Davis explored a detective genre that placed two dominant black actors as the leading protagonist characters. Gravedigger Jones and Coffin Ed Johnson were two black cops that defy authority and do business their way.

Cops with attitude and convincing arguments to steer their Captain off their defiant trail.

In social context 1960’s and early 1970’s thrust forward the black power movement that invoked deep African nationalism among African Americans. Black power stemmed from a long movement, the civil rights movement that could be dated back to Rosa Parks in the early 1920’s.

Cotton Goes to Harlem is a result of such a social movement fighting for social issues and concerns. Now in the 1970’s film can push forward with similar struggles in and outside of the film. Positive representation of the ‘negro’ benefited African American advancement on a similar accord.

Language in the film stayed consistent to the times, so to speak.  Gravedigger and Coffin Ed often refered in  the film by ‘nigga’ or ‘negro’ by black and white characters.

Easily resounding from the captain’s Caucasian mouth in the privacy of a white male companion. Audiences never hear white’s slur alongside his two leading black detectives.

It worked because this film helped establish how ‘race’ is still as much a factor for two detectives and for movie goers alike.

Films do speak to the realities of the time more so in the historical context and not simply present period.

For instance race films were always heavily concentrated  on ‘race’ neither the embracing of it or the secrecy of its oppressors. One dominant group and one subordinate group joined together to create a picture of representations to promote common interest and appeasement of a people heavily oppressed.

Yes, by this time in the 1970’s the majority of Civil Rights law had passed in Congress and the reconstruction of the New Negro began.

Cotton Goes to Harlem is just an example of the transformation of African American might & ability continuing to blast to the forefront in America. Not only can African Americans receive equal rights and be freely protected under the US Constitution, they could be anything they aspired to be.

Davis does a great job conveying a message to that generation  of African Americans. When compared to today, what Gravedigger and Coffin Ed established in genre, President Barack Obama created in real history making. Establishing a higher feasible option for black Americans alike.

Race films trajectory sometimes complicates black intention dialogue however succeeds at creating black representations, different representations that could unite a community.  Identity can be established through both literary, scholarly, and through expressive, vivid cinematography.

Davis did a variety of film montags that included action gun fighting drama.  People physically engaged in combat, suspense, and romantic calibers at times.
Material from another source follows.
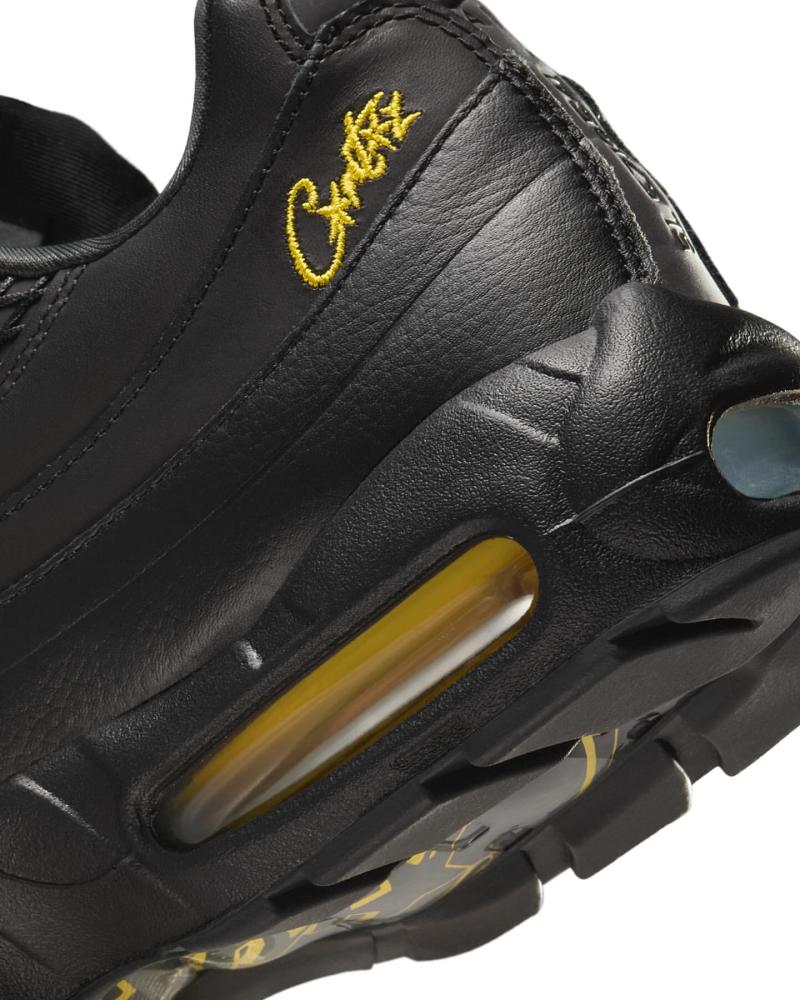 Nike x Corteiz Air max '95' honey black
Comedic relief was stern and repugnant with catchy one liners similar to, “you jive turkey” and “ya’ll den up and dune it.” Black slang throughout the 60’s and 70’s.

Overall Cotton Goes to Harlem more importantly asserted their presence within the North Harlem one of the fundamentally and economically first places to capitalize on black representation early on was not mistakenly chosen.

Looking further into the title Davis does another great job combining the south agricultural African American community with by the 70’s the popular, more jazzy urban life in New York.

Cotton in many ways possess layers of a history for African Americans that were used as laborers on the cotton plantations of the south.

This film again did a nice job of linking or finding a common ground for southern farmer blacks and the more urban, spirited black.

More identities than the decade before helping create dialogue both  in the black community and in a racially subjugated world.